Chancellor Helmut Kohl has decided to dismiss West Germany's intelligence director and to replace him with Hans-Georg Wieck, Bonn's ambassador to the North Atlantic Treaty Organization for the past five years, sources close to Kohl said.

The change will be announced formally Thursday, they added.

The chancellor acted after receiving the final report today on the defection to East Germany last week of top spy hunter Hans Joachim Tiedge. The outgoing intelligence director, Heribert Hellenbroich, was forced into early retirement because he failed to remove Tiedge as a security risk even though he knew for some time about the counterspy's severe drinking and debt troubles.

Meanwhile, Bonn's broadest espionage scandal spread beyond West Germany's borders when Britain and Switzerland announced the arrest of two couples suspected of spying for East Germany.

Security officials said West German counterintelligence had informed the two governments and urged them to arrest the suspects before they managed to reach sanctuary in East Germany.

The arrests appeared to be the first actions taken by other western governments against Soviet Bloc spies because of information obtained during the current spy investigations in West Germany.
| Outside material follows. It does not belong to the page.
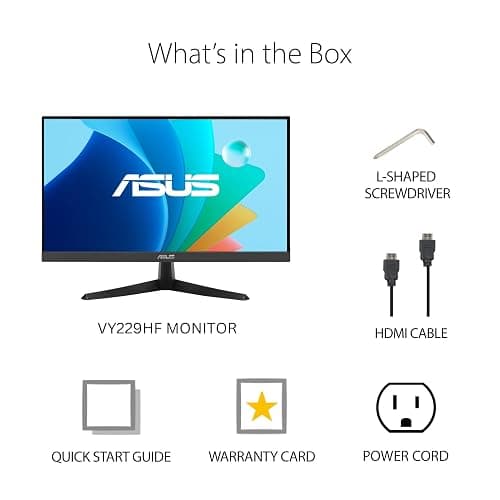 ASUS 22” (21.45" viewable) Eye Care Monitor (VY229HF) - Full HD, IPS, 100Hz, 1ms, SmoothMotion, Adaptive Sync, Eye Care Plus Technology, Blue Light Filter, Flicker Free, Tilt 3 yr Warranty thumbnail 7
Security sources said the couple seized last Sunday in Luzern by Swiss police were believed to be control agents for Margarethe Hoeke, a secretary in the office of West German President Richard von Weizsaecker. She was arrested last Saturday on spy charges.

Hoeke worked for the president's assistant for foreign and security affairs and reportedly had access for nearly 20 years to highly classified material, including all of the country's incoming diplomatic cables and reports on confidential talks with visiting leaders.

In London, an East German couple, Reinhard and Sonja Schulze, were taken into custody after being charged with passing information to a possible enemy. Security officials said the arrests in Britain were linked with Tiedge's defection. Under Britain's Official Secrets Act, a conviction could bring a prison sentence of up to 14 years.